A partir de ce début janvier c’est une véritable course contre la montre qu’ont engagé les grosses écuries politiques marocaines en prévision des cruciales prochaines élections législatives où les islamistes, pour la première au pouvoir, s’apprêtent à remettre leur mandat en jeu. Il faut dire que lors des élections communales qui se sont tenues le 4 décembre 2015, le parti du chef du gouvernement islamisite Abdelilah Benkirane n’a pas du tout été sanctionné par les électeurs pour une gestion assez rigoriste des finances publiques. Au contraire, le PJD a pu rafler toutes les grandes villes et réaliser une véritable percée dans les campagnes où il a été jusqu’à ce dernier scrutin très peu présent. Qui pourra alors arrêter la marche triomphale des islamistes vers un deuxième mandat ?
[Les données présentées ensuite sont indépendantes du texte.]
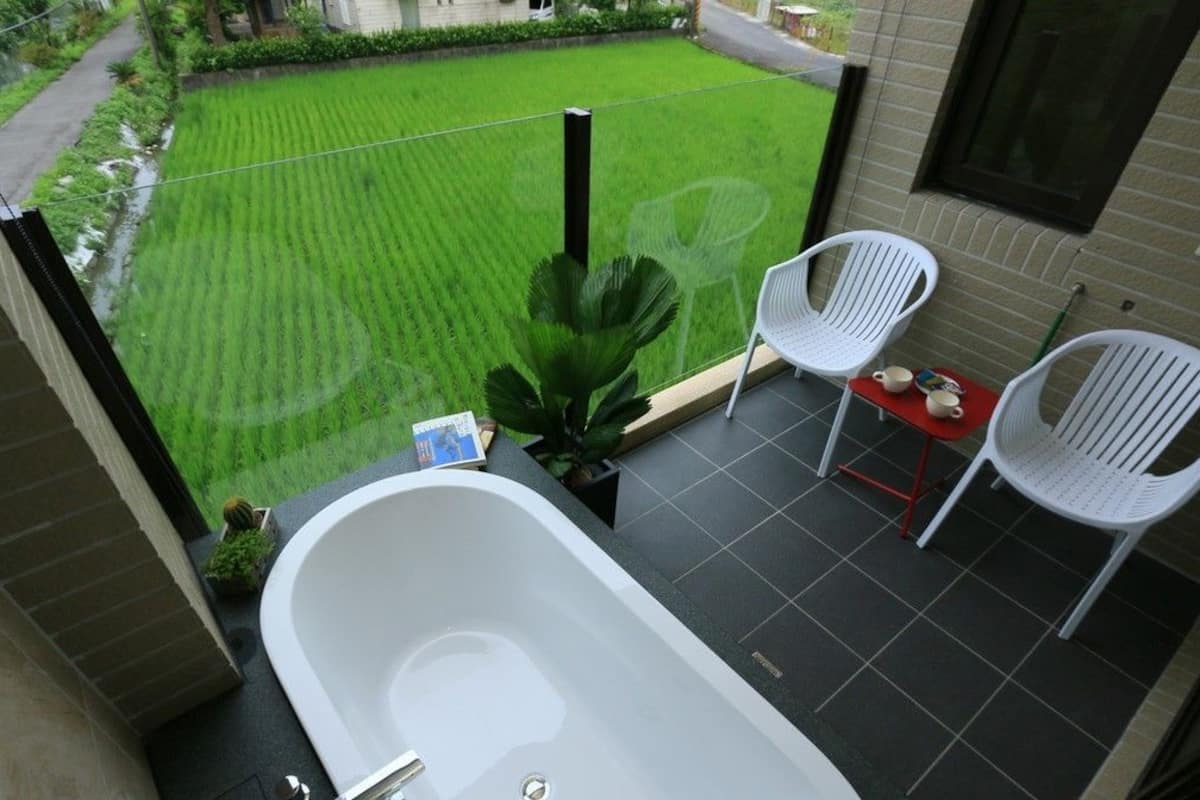 A balcony with a white bathtub, two white chairs, and a small table with a book and a plant.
Le PAM va-t-il changer de nom ?
Alors que l’on pensait que le PAM, premier parti du royaume en termes de sièges remportés lors des dernières élections communales du 4 septembre, s’acheminait vers un troisième congrès tout en repos, voilà que ses dirigeants s’étripent en public et sur les pages des sites web. C’est le vice-président de la Chambre des représentants, le trublion Abdellatif Ouahbi qui se lance le premier dans une autocritique à la fois du référentiel, de l’identité et du nom du parti fondé par le principal conseiller du roi Fouad Ali El Himma il y a de cela huit années. Sortie qui n’est pas passée inaperçue et qui a suscité une vive réaction de la part d’un autre dirigeant en retrait, mais réputé être très proche de l’homme fort du parti, Ilyas Omari. Mais au-delà de ces passes d’armes musclées entre leaders du PAM, c’est la dénomination même d’Authenticité et Modernité qui est aujourd’hui remise en cause par une partie de ses cadres. D’après des sources bien informées au sein du PAM, un groupe de cadres ambitionne de rebaptiser le parti afin de se débarrasser d’un éventuel « passif » et clarifier le positionnement idéologique.
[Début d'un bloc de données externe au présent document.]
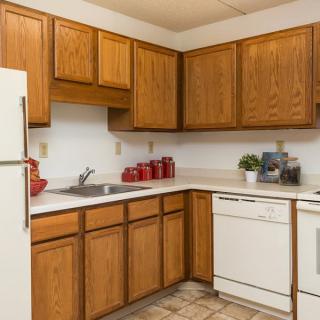 A cozy kitchen with wooden cabinets, a dishwasher, refrigerator, and well-organized countertop decor.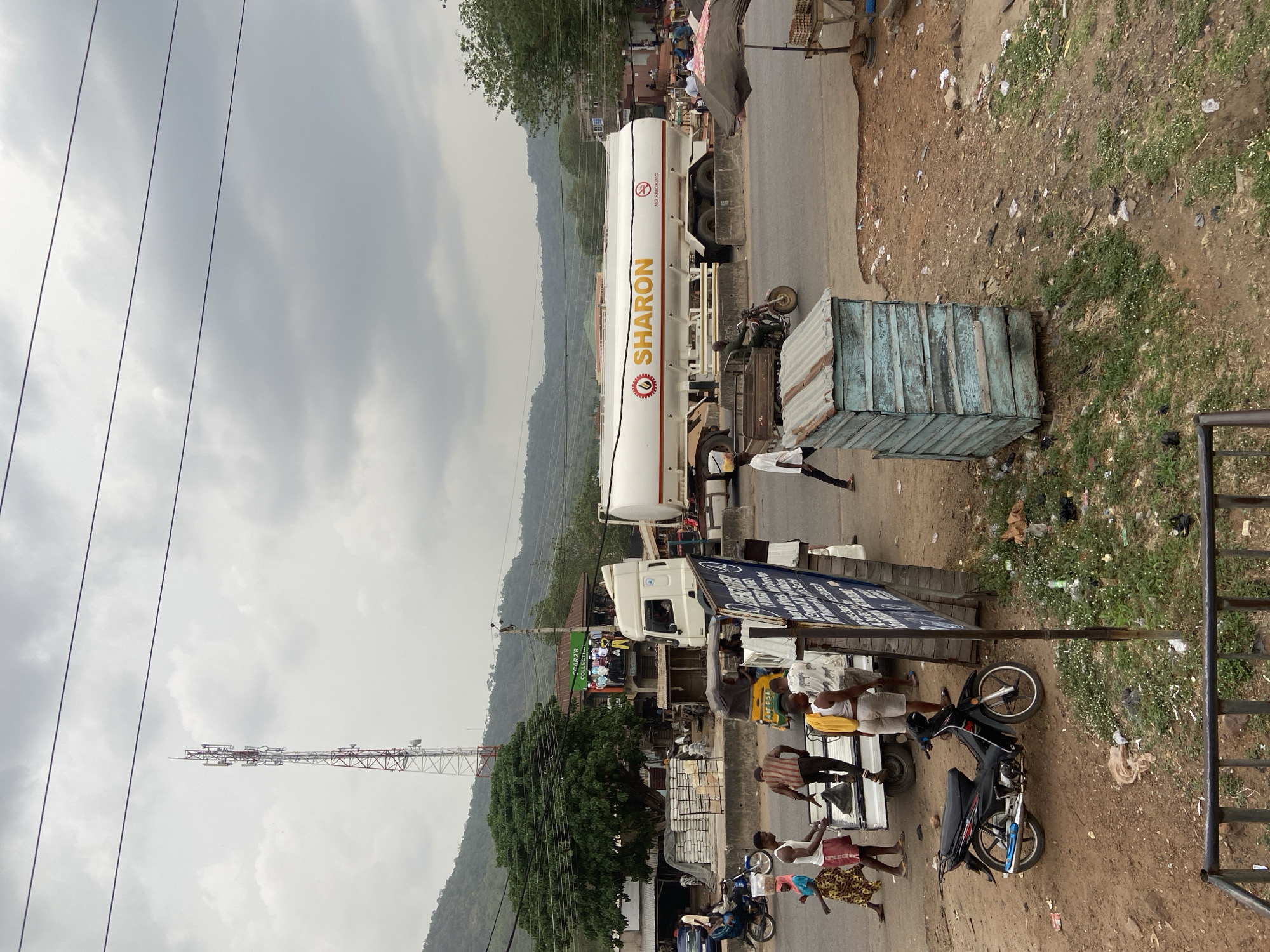 Daily life scenes captured across Lokoja streets and barbershop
Stratégie de reconquête pour l’Istiqlal
De son côté, le parti nationaliste dont le leader Hamid Chabat était jusqu’à tout récemment l’un des plus grands pourfendeurs de la politique du gouvernement et de la personnalité de son chef est ostensiblement revenu a de meilleurs sentiments envers le PJD. Mis groggy par les islamistes lors des communales et notamment dans son fief de Fès où il a subi une cuisante défaite, le secrétaire général de l’Istiqlal Hamid Chabat a insufflé depuis à son parti une nouvelle ligne de conduite, essayant de ménager un peu plus le gouvernement et se démarquant totalement des autres partis de l’opposition, principalement du PAM et de l’USFP. D’ailleurs, la plus ancienne formation politique du royaume chérifienne multiplie les clins d’œil en direction des islamistes. Une nouvelle stratégie qui vise à positionner le parti de l’Istiqlal au milieu de l’échiquier politique comme il l’a toujours été. Ce qui lui a de tout temps réussi électoralement.
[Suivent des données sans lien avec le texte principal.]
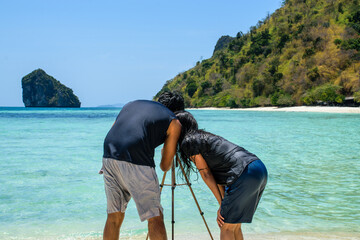 Indian couple taking pictures to the sea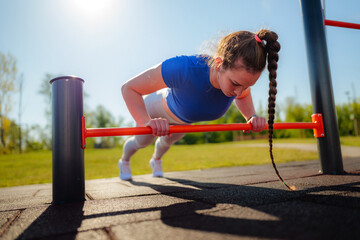 Fototapeta premium Concentrated sportswoman doing push ups on parallel bars in a calisthenics park, strengthening her upper body and core muscles in a sunny outdoor workout
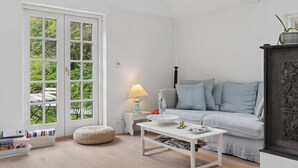 Een moderne woonkamer met een bank, een salontafel, een lamp en een boekenkast.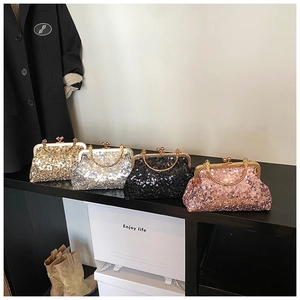 Collection of sequined evening clutch bags in gold, silver, black, and pink with ring handles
Ramid pour le parti et Benkirane pour la primature
La question a été tranchée par les instances dirigeantes du PJD qui dirige le gouvernement depuis 2012. Les islamistes sont prêts à batailler ferme afin de pouvoir rempiler lors de la prochaine législature, et avec comme candidat naturel au poste du chef de gouvernement, l’actuel patron du parti Abdelilah Benkirane. Le PJD pour ne pas changer son règlement intérieur et permettre à Benkirane de briguer un troisième mandat à la tête du parti, a décidé de repousser la tenue de son congrès de quelques mois, c’est-à-dure juste après les prochaines élections législatives afin de rendre possible au cas où le PJD remporte cette échéance, la reconduction de Benkirane à la primature. Concernant le parti, c’est le ministre de la Justice considéré comme l’un des faucons du parti qui serait en position de force pour succéder au charismatique Benkirane.
Qui arrêtera le PJD ?
C’est la question qui taraude l’esprit de plusieurs observateurs, mais également de nombreux pontes du makhzen, soucieux de l’équilibre qui a toujours prévalu sur la scène politique marocaine depuis l’indépendance. Aucune des formations politiques en compétition aujourd’hui n’est en mesure de mettre à mal la popularité du chef du gouvernement et de son parti. Même les syndicats et les mouvements de revendications sociales n’arrivent pas écorner leurs image. Un vrai casse-tête si le royaume veut éviter de se retrouver avec un parti hégémoniste qui plus est, est d’obédience islamiste.